Hi Paul,

As you read in the STAX UG, when a timer expires, it attempts to stop any 
processes contained within the timer element that are still running (this 
is documented in the <timer> section in the STAX User's Guide at 
http://staf.sourceforge.net/current/STAX/staxug.html#Header_Timer.  STAX 
submits a STOP request to the PROCESS service to stop a process.  Note 
that if the STAF PROCESS STOP request is not able to stop the process 
using the specified stop method (default is SIGKILLALL), then the 
underlying process won't be terminated.  However, even if STAF cannot 
actually stop the underlying process on the machine, the <process> element 
itself will not "hang" if the PROCESS STOP request doesn't work.  It 
should continue on.  Note that the cause of a STAX <process> element 
"hanging" is usually because the STAX job did not receive the 
STAF/Process/End message and its handle's queue.  The STAF/STAX FAQ talks 
about this problem at 
http://staf.sourceforge.net/current/STAFFAQ.htm#d0e2072 in sections "
4.1.2. Why is STAX still showing a process as running, even though it has 
completed?" and "3.1.4 Why can't my STAF machines communicate? ".  Follow 
the instructions in section 3.1.4 to see if the machine where the process 
is running can successfully submit STAF requests to the STAX service 
machine using the host name of the STAX service machine.  Note that to 
send a process completion message to the STAX service machine, the process 
machine submits a QUEUE request to the STAF QUEUE service to send a 
STAF/Process/End message type to the STAX job handle's queue.  This 
message is sent when a process completes normally and when a process is 
stopped by a PROCESS STOP method.  If this QUEUE request fails (e.g. with 
RC 16 etc), then the STAX service never receives the message that the 
process is no longer running.  So, if the process machine cannot 
communicate via STAF to the STAX service machine, then you need to fix 
this problem.

To further debug this problem, you can turn on STAF tracing for 
tracepoints "RemoteRequests ServiceRequest ServiceResult" and for the 
QUEUE service on the machine where the process is running so that you can 
see the submission of the STAF/Process/End message to the STAX job 
handle's queue and see if this QUEUE request was successful or failed 
(e.g. with RC 16 if it cannot communicate to the STAX service machine 
using the STAX service machine's host name).

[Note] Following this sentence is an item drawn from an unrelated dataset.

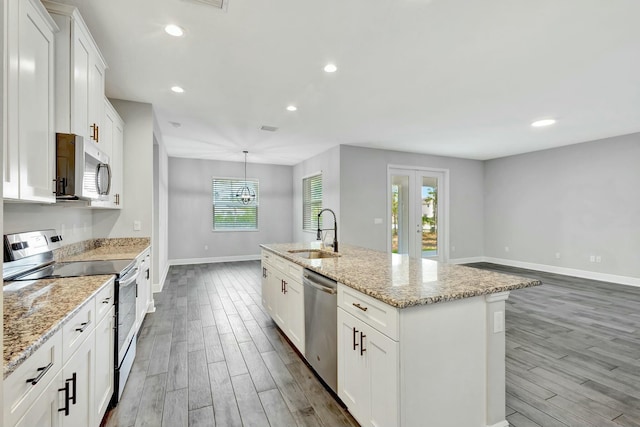 kitchen with sink, decorative light fixtures, an island with sink, stainless steel appliances, and white cabinets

--------------------------------------------------------------
Sharon Lucas
IBM Austin,   luc...@us.ibm.com
(512) 286-7313 or Tieline 363-7313




From:   Paul Ellsworth/San Jose/IBM@IBMUS
To:     staf-users@lists.sourceforge.net
Date:   02/28/2011 01:30 PM
Subject:        Re: [staf-users] hung processes and timers



I thought I had already read all that the STAX UG said about this, but 
apparently not. It looks like when a timer pops it's supposed to kill any 
processes it envelops ...

So perhaps the problem I am having is the nature of the "error." The 
process actually does not exist on the machine anymore, but STAF/STAX is 
still waiting for it. 

Paul Ellsworth---02/28/2011 11:24:57 AM---We use STAF/STAX for testing, so 
this particular problem is in a STAX test "server" -> STAF "client"


From:

Paul Ellsworth/San Jose/IBM@IBMUS

To:

staf-users@lists.sourceforge.net

Date:

02/28/2011 11:24 AM

Subject:

[staf-users] hung processes and timers



We use STAF/STAX for testing, so this particular problem is in a STAX test 
"server" -> STAF "client" situation.

Occasionally, I get a hung process... what seems to happen is that the 
command returns, but for whatever reason, the STAX machine doesn't get the 
return. Normally, this wouldn't be too difficult; just put a timer on the 
process (for example, we install our product on AIX using installp and it 
shouldn't take more than a minute or two at most).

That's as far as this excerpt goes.